**WHAT YOU HAVE TO DO**
Where the listing below has a line with "GXG mens dual", write out exactly that line and every line after it, stopping after the line with "The Bariz Beige".

□ □ □ □ □

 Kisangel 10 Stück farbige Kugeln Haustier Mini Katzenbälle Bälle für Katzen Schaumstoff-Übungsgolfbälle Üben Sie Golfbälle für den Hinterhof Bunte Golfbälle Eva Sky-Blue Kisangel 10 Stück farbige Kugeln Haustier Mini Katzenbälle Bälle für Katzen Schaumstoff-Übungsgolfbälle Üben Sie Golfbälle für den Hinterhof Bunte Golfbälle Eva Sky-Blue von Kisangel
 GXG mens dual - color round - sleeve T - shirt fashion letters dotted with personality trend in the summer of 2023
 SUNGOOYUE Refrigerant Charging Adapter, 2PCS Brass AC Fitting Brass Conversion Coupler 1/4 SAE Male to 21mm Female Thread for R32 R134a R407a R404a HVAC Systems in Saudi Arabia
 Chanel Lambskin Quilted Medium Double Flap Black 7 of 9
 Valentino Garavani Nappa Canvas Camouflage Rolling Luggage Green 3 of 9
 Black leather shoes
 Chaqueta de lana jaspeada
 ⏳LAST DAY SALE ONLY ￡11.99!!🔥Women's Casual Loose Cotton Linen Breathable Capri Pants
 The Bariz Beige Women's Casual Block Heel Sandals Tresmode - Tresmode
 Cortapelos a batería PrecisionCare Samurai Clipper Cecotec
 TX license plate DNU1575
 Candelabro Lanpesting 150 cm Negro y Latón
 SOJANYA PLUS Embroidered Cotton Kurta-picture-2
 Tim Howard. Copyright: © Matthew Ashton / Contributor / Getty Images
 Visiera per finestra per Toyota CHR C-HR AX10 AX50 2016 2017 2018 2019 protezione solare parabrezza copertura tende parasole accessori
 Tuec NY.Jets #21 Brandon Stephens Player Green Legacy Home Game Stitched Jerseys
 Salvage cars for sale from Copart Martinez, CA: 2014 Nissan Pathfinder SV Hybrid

□ □ □ □ □

**RESULT OF THIS TASK**
 GXG mens dual - color round - sleeve T - shirt fashion letters dotted with personality trend in the summer of 2023
 SUNGOOYUE Refrigerant Charging Adapter, 2PCS Brass AC Fitting Brass Conversion Coupler 1/4 SAE Male to 21mm Female Thread for R32 R134a R407a R404a HVAC Systems in Saudi Arabia
 Chanel Lambskin Quilted Medium Double Flap Black 7 of 9
 Valentino Garavani Nappa Canvas Camouflage Rolling Luggage Green 3 of 9
 Black leather shoes
 Chaqueta de lana jaspeada
 ⏳LAST DAY SALE ONLY ￡11.99!!🔥Women's Casual Loose Cotton Linen Breathable Capri Pants
 The Bariz Beige Women's Casual Block Heel Sandals Tresmode - Tresmode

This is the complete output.